Most EV owners work from the standpoint of what kind of charging capability they WANT, and then wire their EVSE outlet from there. My shoe is on the other foot: I want to work with the wiring I have, and choose the highest amperage ESVE I can safely use.
I have a new-to-me 2013 Leaf S. The car has (apparently, from the dashboard time-to-charge display) all the charge options: 120v, 240v/3kW, and 240v/6 Kw. It even has the optional CHAdeMO port, though the little stripper does not even have cruise control! But what of that...
FWIW, I have the LeafSpy diagnostic app, and though all 12 bars of battery health show on the dash, LeafSpy indicates a battery SOH just shy of 90%.
That's the background on my car. Now onto the specifics of my garage's capability.
I have a 100 amp sub panel in my garage, with two 15-amp circuits, one 20-amp circuit (all three are 120 V) and room left for one 240 v breaker. One of the 15/120 circuits is dedicated to a fish pond pump that runs full-time, but its draw is very small--probably less than one amp. The other two 120 circuits are for lighting and occasional use outlets--power tools, compressor, etc.
The sub panel is about 120 feet from the main service entrance, which is 200 amp, and currently (no pun intended) feeds the garage through a 240 v/30 amp breaker.

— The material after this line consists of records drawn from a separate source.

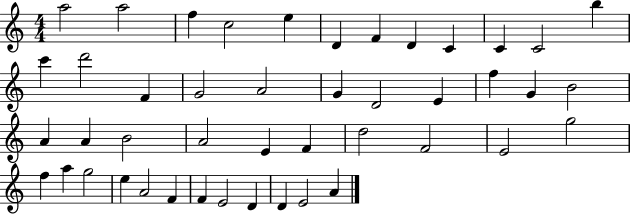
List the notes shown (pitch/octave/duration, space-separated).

A5/h A5/h F5/q C5/h E5/q D4/q F4/q D4/q C4/q C4/q C4/h B5/q C6/q D6/h F4/q G4/h A4/h G4/q D4/h E4/q F5/q G4/q B4/h A4/q A4/q B4/h A4/h E4/q F4/q D5/h F4/h E4/h G5/h F5/q A5/q G5/h E5/q A4/h F4/q F4/q E4/h D4/q D4/q E4/h A4/q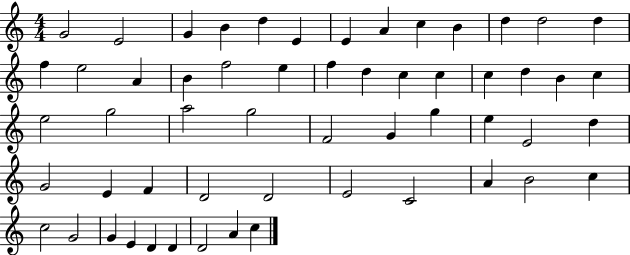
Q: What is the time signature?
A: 4/4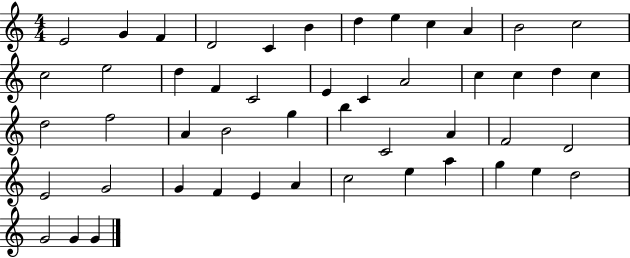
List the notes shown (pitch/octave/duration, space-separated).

E4/h G4/q F4/q D4/h C4/q B4/q D5/q E5/q C5/q A4/q B4/h C5/h C5/h E5/h D5/q F4/q C4/h E4/q C4/q A4/h C5/q C5/q D5/q C5/q D5/h F5/h A4/q B4/h G5/q B5/q C4/h A4/q F4/h D4/h E4/h G4/h G4/q F4/q E4/q A4/q C5/h E5/q A5/q G5/q E5/q D5/h G4/h G4/q G4/q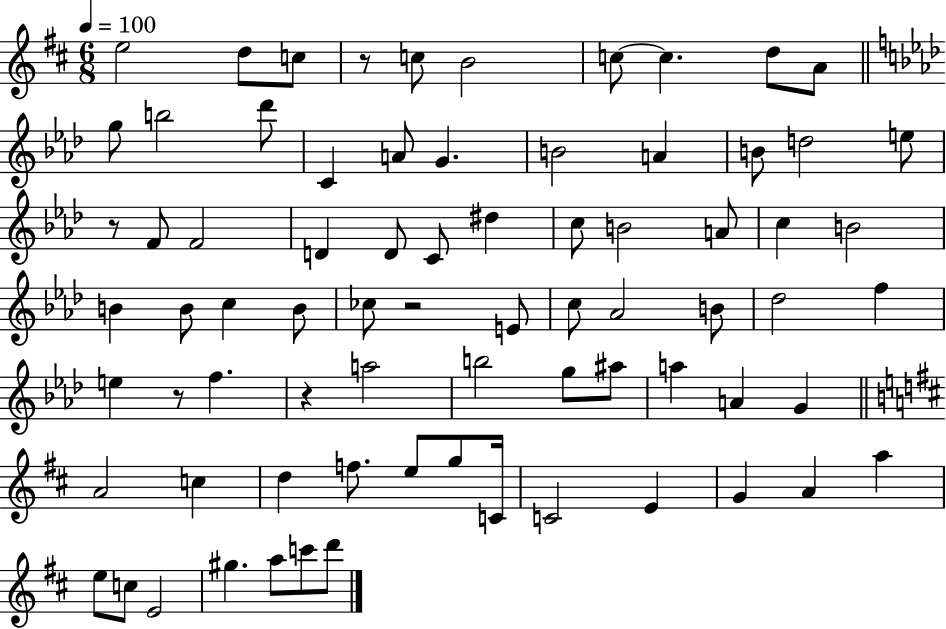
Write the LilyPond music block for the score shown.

{
  \clef treble
  \numericTimeSignature
  \time 6/8
  \key d \major
  \tempo 4 = 100
  e''2 d''8 c''8 | r8 c''8 b'2 | c''8~~ c''4. d''8 a'8 | \bar "||" \break \key f \minor g''8 b''2 des'''8 | c'4 a'8 g'4. | b'2 a'4 | b'8 d''2 e''8 | \break r8 f'8 f'2 | d'4 d'8 c'8 dis''4 | c''8 b'2 a'8 | c''4 b'2 | \break b'4 b'8 c''4 b'8 | ces''8 r2 e'8 | c''8 aes'2 b'8 | des''2 f''4 | \break e''4 r8 f''4. | r4 a''2 | b''2 g''8 ais''8 | a''4 a'4 g'4 | \break \bar "||" \break \key d \major a'2 c''4 | d''4 f''8. e''8 g''8 c'16 | c'2 e'4 | g'4 a'4 a''4 | \break e''8 c''8 e'2 | gis''4. a''8 c'''8 d'''8 | \bar "|."
}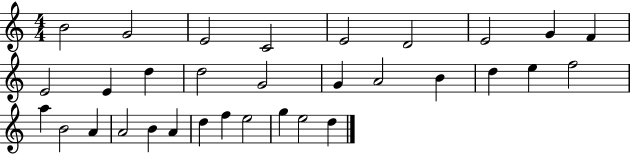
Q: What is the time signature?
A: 4/4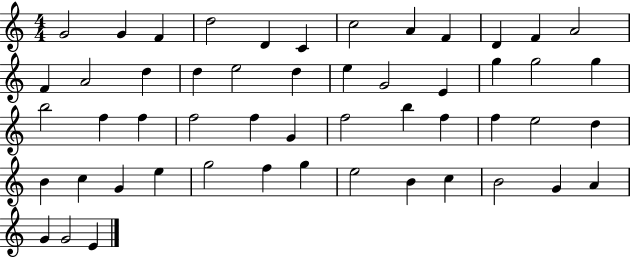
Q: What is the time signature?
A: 4/4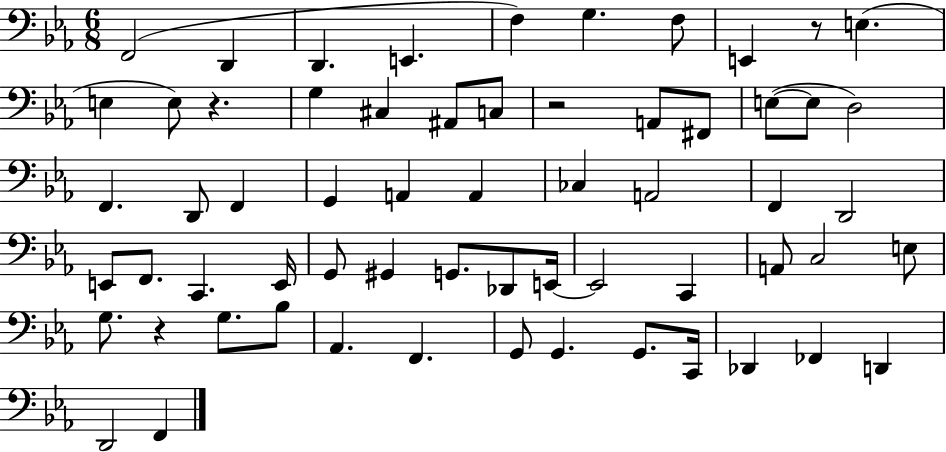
X:1
T:Untitled
M:6/8
L:1/4
K:Eb
F,,2 D,, D,, E,, F, G, F,/2 E,, z/2 E, E, E,/2 z G, ^C, ^A,,/2 C,/2 z2 A,,/2 ^F,,/2 E,/2 E,/2 D,2 F,, D,,/2 F,, G,, A,, A,, _C, A,,2 F,, D,,2 E,,/2 F,,/2 C,, E,,/4 G,,/2 ^G,, G,,/2 _D,,/2 E,,/4 E,,2 C,, A,,/2 C,2 E,/2 G,/2 z G,/2 _B,/2 _A,, F,, G,,/2 G,, G,,/2 C,,/4 _D,, _F,, D,, D,,2 F,,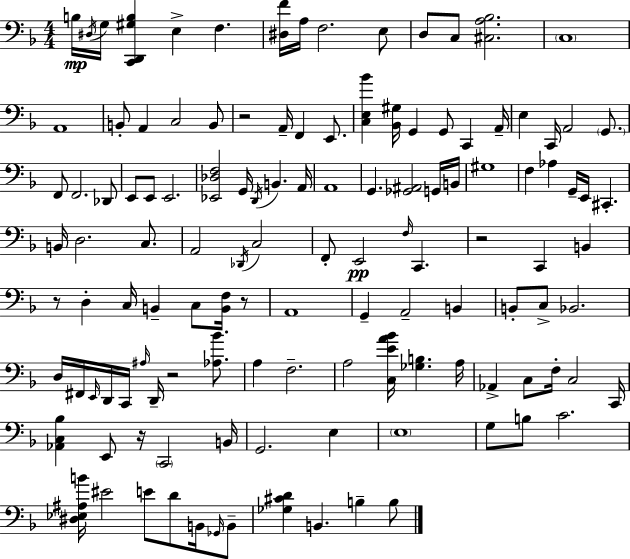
X:1
T:Untitled
M:4/4
L:1/4
K:Dm
B,/4 ^D,/4 G,/4 [C,,D,,^G,B,] E, F, [^D,F]/4 A,/4 F,2 E,/2 D,/2 C,/2 [^C,A,_B,]2 C,4 A,,4 B,,/2 A,, C,2 B,,/2 z2 A,,/4 F,, E,,/2 [C,E,_B] [_B,,^G,]/4 G,, G,,/2 C,, A,,/4 E, C,,/4 A,,2 G,,/2 F,,/2 F,,2 _D,,/2 E,,/2 E,,/2 E,,2 [_E,,_D,F,]2 G,,/4 D,,/4 B,, A,,/4 A,,4 G,, [_G,,^A,,]2 G,,/4 B,,/4 ^G,4 F, _A, G,,/4 E,,/4 ^C,, B,,/4 D,2 C,/2 A,,2 _D,,/4 C,2 F,,/2 E,,2 F,/4 C,, z2 C,, B,, z/2 D, C,/4 B,, C,/2 [B,,F,]/4 z/2 A,,4 G,, A,,2 B,, B,,/2 C,/2 _B,,2 D,/4 ^F,,/4 E,,/4 D,,/4 C,,/4 ^A,/4 D,,/4 z2 [_A,_B]/2 A, F,2 A,2 [C,EA_B]/4 [_G,B,] A,/4 _A,, C,/2 F,/4 C,2 C,,/4 [_A,,C,_B,] E,,/2 z/4 C,,2 B,,/4 G,,2 E, E,4 G,/2 B,/2 C2 [^D,_E,^A,B]/4 ^E2 E/2 D/2 B,,/4 _G,,/4 B,,/2 [_G,^CD] B,, B, B,/2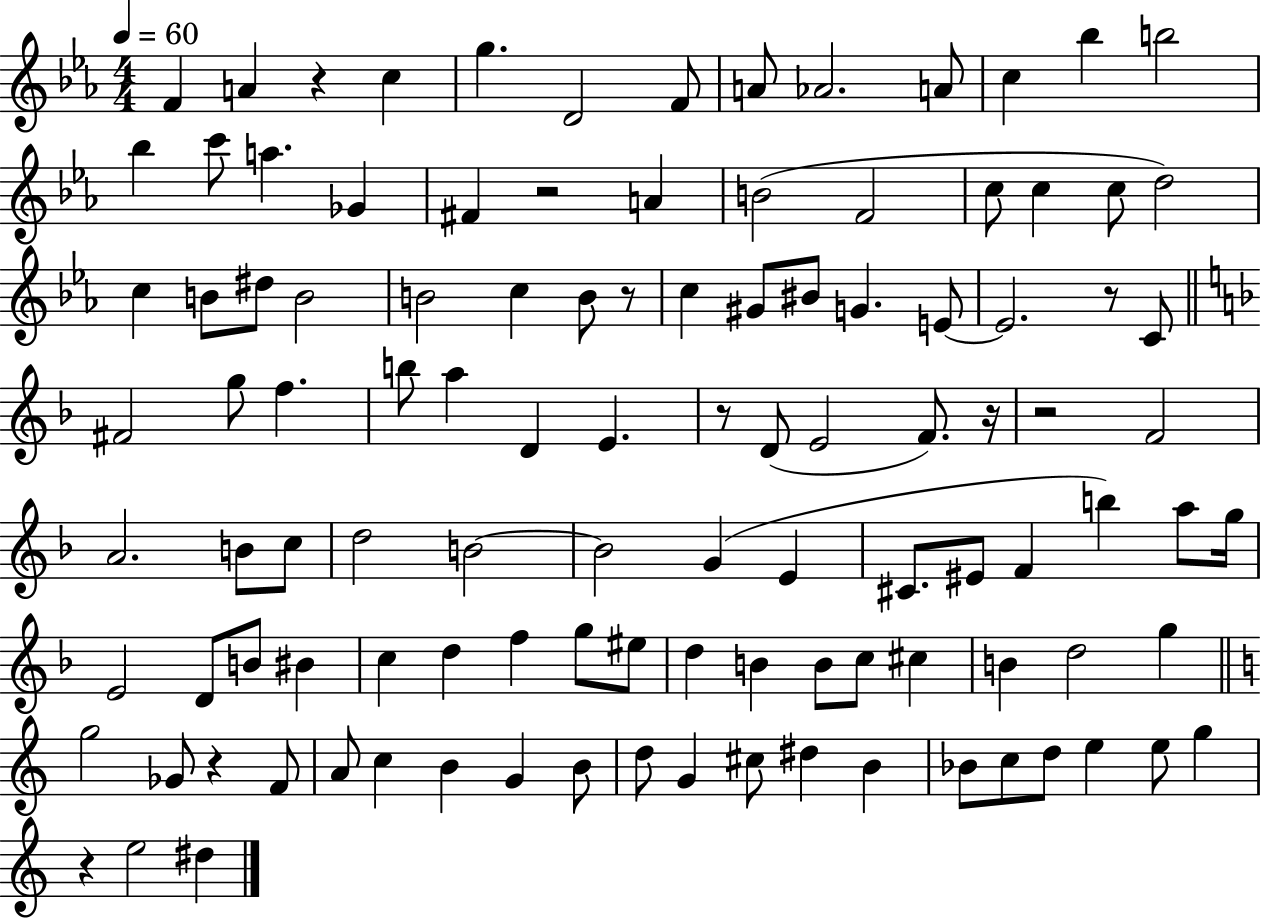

I measured the diameter of the service wire (black, white, and bare ground) at the sub panel, and the copper conductor is about 3 mm in diameter. I think that corresponds to either 8 or 10 gauge wire. (Knowing the previous owner who ran the wire, I am going to guess it is more likely to be 10 than 8 gauge.)
I know the proposed circuit for the Leaf is going to have to be 125% of the actual charge rate.
So, can anyone out there calculate the maximum charging load--and hence amperage output of the EVSE--I can safely use?